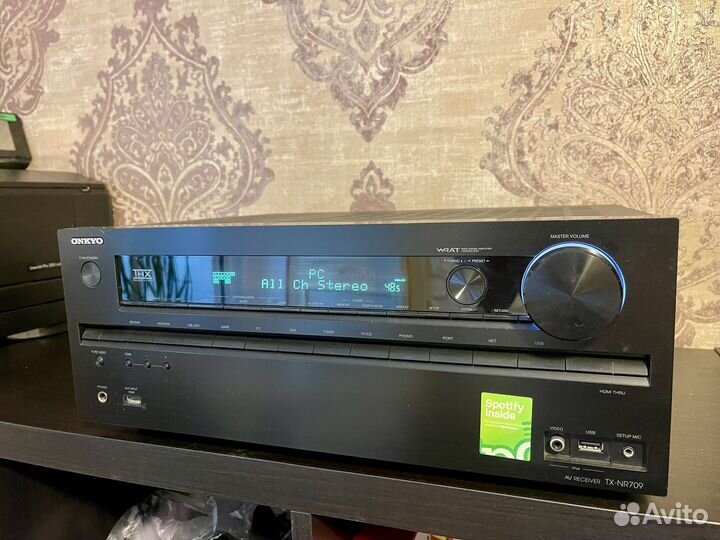 Av ресивер onkyo TX-NR 709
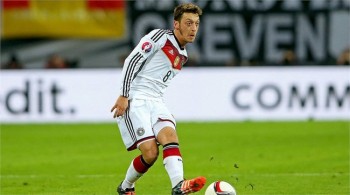 Nội bộ ĐT Đức bất ổn: Ozil đáp trả chỉ trích của Boateng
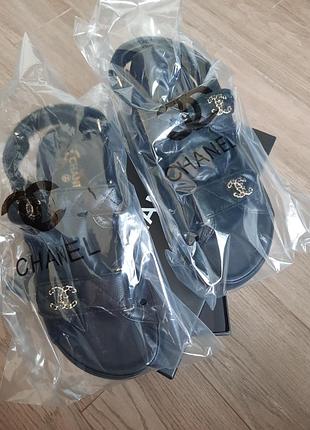 Босоніжки брендові з натуральної шкіри6 фото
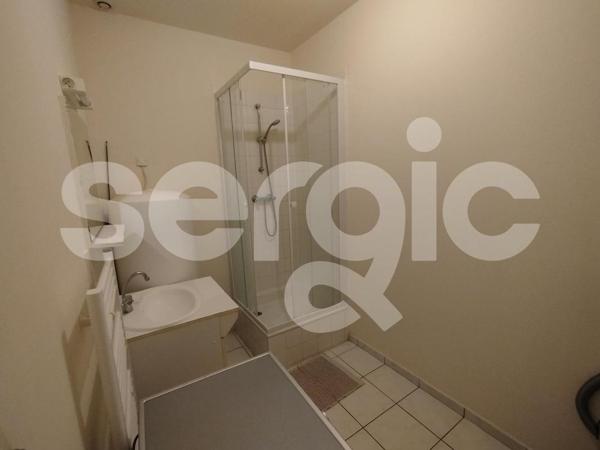 Location 2 Pieces 41 80000 Amiens 25 1691 01 0003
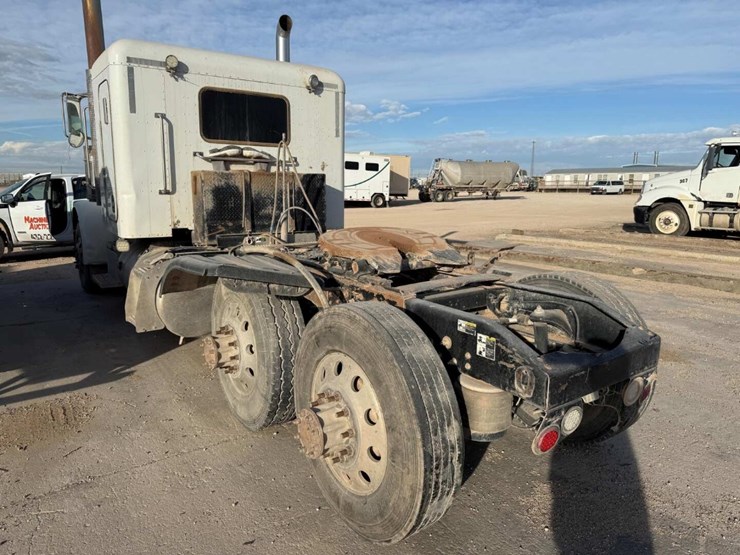 2016-peterbilt-389-image-4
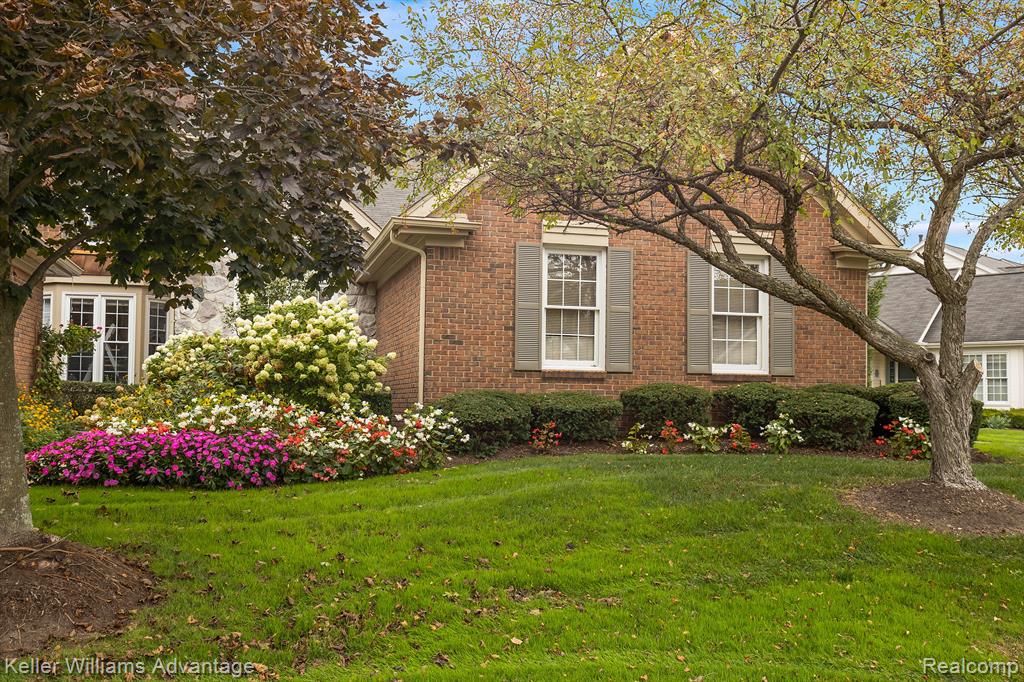 39542 VILLAGE RUN Drive, Northville, MI 48168 — Photo 4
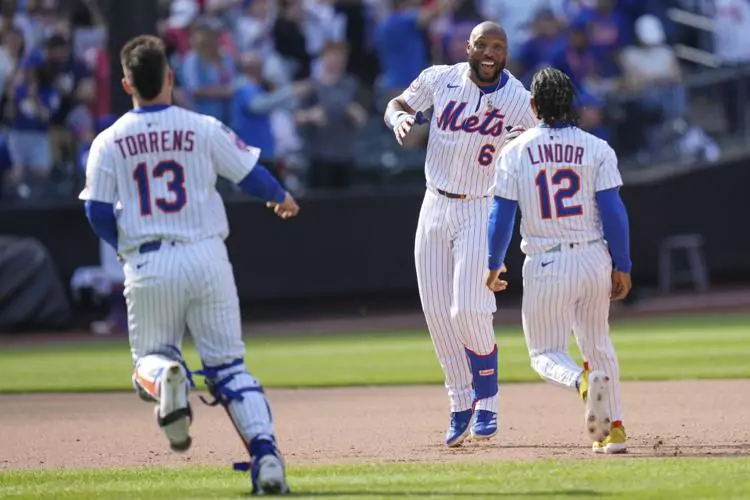 Los Mets se quedan fuera de la postemporada, cayeron blanqueados por los Marlins en el último partido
************
Requirement:
Return word for word the line bearing "Location 2 Pieces" and every later line of the entries, but none of the pictures.

Answer to this exercise:
 Location 2 Pieces 41 80000 Amiens 25 1691 01 0003
 2016-peterbilt-389-image-4
 39542 VILLAGE RUN Drive, Northville, MI 48168 — Photo 4
 Los Mets se quedan fuera de la postemporada, cayeron blanqueados por los Marlins en el último partido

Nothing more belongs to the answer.